DATA SUPPLIED:
________________
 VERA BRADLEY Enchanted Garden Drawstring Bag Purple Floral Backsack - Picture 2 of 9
________________
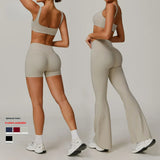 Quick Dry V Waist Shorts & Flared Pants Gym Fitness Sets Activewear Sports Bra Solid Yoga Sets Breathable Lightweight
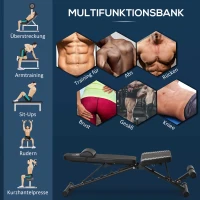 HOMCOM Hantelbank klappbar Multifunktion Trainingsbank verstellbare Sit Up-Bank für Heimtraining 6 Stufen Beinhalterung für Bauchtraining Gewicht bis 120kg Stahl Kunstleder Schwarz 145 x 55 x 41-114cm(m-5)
________________
EXERCISE BRIEF: Produce an exact reproduction of the listing above, limited to the lines starting at the line with "Quick Dry V" and ending at the line with "HOMCOM Hantelbank klappbar", both kept, with every picture left out.

TASK OUTPUT:
 Quick Dry V Waist Shorts & Flared Pants Gym Fitness Sets Activewear Sports Bra Solid Yoga Sets Breathable Lightweight
 HOMCOM Hantelbank klappbar Multifunktion Trainingsbank verstellbare Sit Up-Bank für Heimtraining 6 Stufen Beinhalterung für Bauchtraining Gewicht bis 120kg Stahl Kunstleder Schwarz 145 x 55 x 41-114cm(m-5)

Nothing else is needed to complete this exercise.